▶ [What you will do] Transcribe each record below character for character.

(Crawled caption data)
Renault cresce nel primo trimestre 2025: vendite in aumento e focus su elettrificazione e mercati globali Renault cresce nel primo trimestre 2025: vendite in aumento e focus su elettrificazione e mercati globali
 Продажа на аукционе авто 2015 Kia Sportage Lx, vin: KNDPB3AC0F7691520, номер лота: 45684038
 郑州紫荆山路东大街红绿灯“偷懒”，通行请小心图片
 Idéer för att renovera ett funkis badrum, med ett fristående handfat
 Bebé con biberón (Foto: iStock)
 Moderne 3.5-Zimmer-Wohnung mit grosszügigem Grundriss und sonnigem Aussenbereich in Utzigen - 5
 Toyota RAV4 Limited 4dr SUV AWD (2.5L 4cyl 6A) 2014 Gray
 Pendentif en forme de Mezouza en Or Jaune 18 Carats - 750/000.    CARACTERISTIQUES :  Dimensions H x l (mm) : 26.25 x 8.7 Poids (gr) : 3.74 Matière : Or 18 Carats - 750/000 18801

▶ [Problem solution]
Renault cresce nel primo trimestre 2025: vendite in aumento e focus su elettrificazione e mercati globali Renault cresce nel primo trimestre 2025: vendite in aumento e focus su elettrificazione e mercati globali
 Продажа на аукционе авто 2015 Kia Sportage Lx, vin: KNDPB3AC0F7691520, номер лота: 45684038
 郑州紫荆山路东大街红绿灯“偷懒”，通行请小心图片
 Idéer för att renovera ett funkis badrum, med ett fristående handfat
 Bebé con biberón (Foto: iStock)
 Moderne 3.5-Zimmer-Wohnung mit grosszügigem Grundriss und sonnigem Aussenbereich in Utzigen - 5
 Toyota RAV4 Limited 4dr SUV AWD (2.5L 4cyl 6A) 2014 Gray
 Pendentif en forme de Mezouza en Or Jaune 18 Carats - 750/000.    CARACTERISTIQUES :  Dimensions H x l (mm) : 26.25 x 8.7 Poids (gr) : 3.74 Matière : Or 18 Carats - 750/000 18801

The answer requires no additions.